An effort was made to soften the impact of possession offenses somewhat by placing a special burden on the government to prove that the possession in question was not merely for personal use of the possessor or some other member of his household. The penalty for possession was a maximum of $1,000 or one year's imprisonment, unless the offense was committed "with intent to defraud or mislead" or unless the offender had been convicted previously, in which event the maximums jumped to $10,000 and three years.

The powers of FDA inspectors were increased substantially more under H.R. 2 than in the Dodd version. Besides being authorized to carry firearms, serve warrants, seize contraband drugs and everything related to their production forthwith, and in certain circumstances to arrest without warrants, they were to be brought under the special protections extended by the Federal Criminal Code to U.S. marshals, FBI agents, and other federal officers primarily engaged in criminal-law enforcement activities.
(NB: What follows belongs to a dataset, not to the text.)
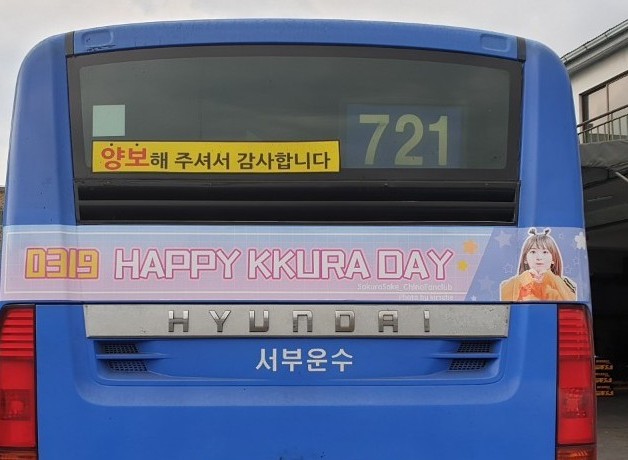 Rear of a blue Seoul city bus with a pink strip reading "0319 HAPPY KKURA DAY"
But the most important innovation was the quite new—and more than slightly irrelevant—section inserted into H.R. 2 to deal with counterfeit drugs. One reason this section turned up in the bill is obvious: the Pharmaceutical Manufacturers Association, backed by the AMA, had shown enough power in the House of Representatives the year before to kill Senator Dodd's bill with ease, and it was plain that legislation like H.R. 2 would have little chance of passing if it were not somehow given the blessing of these powerful drug and medical lobbies. The counterfeit provision (first publicly referred to in President Johnson's message of January 7, 1965) was the price of this blessing. But it was also slightly more, which leads us into a diversionary story going all the way back to 1962 and the ill-fated Bay of Pigs expedition.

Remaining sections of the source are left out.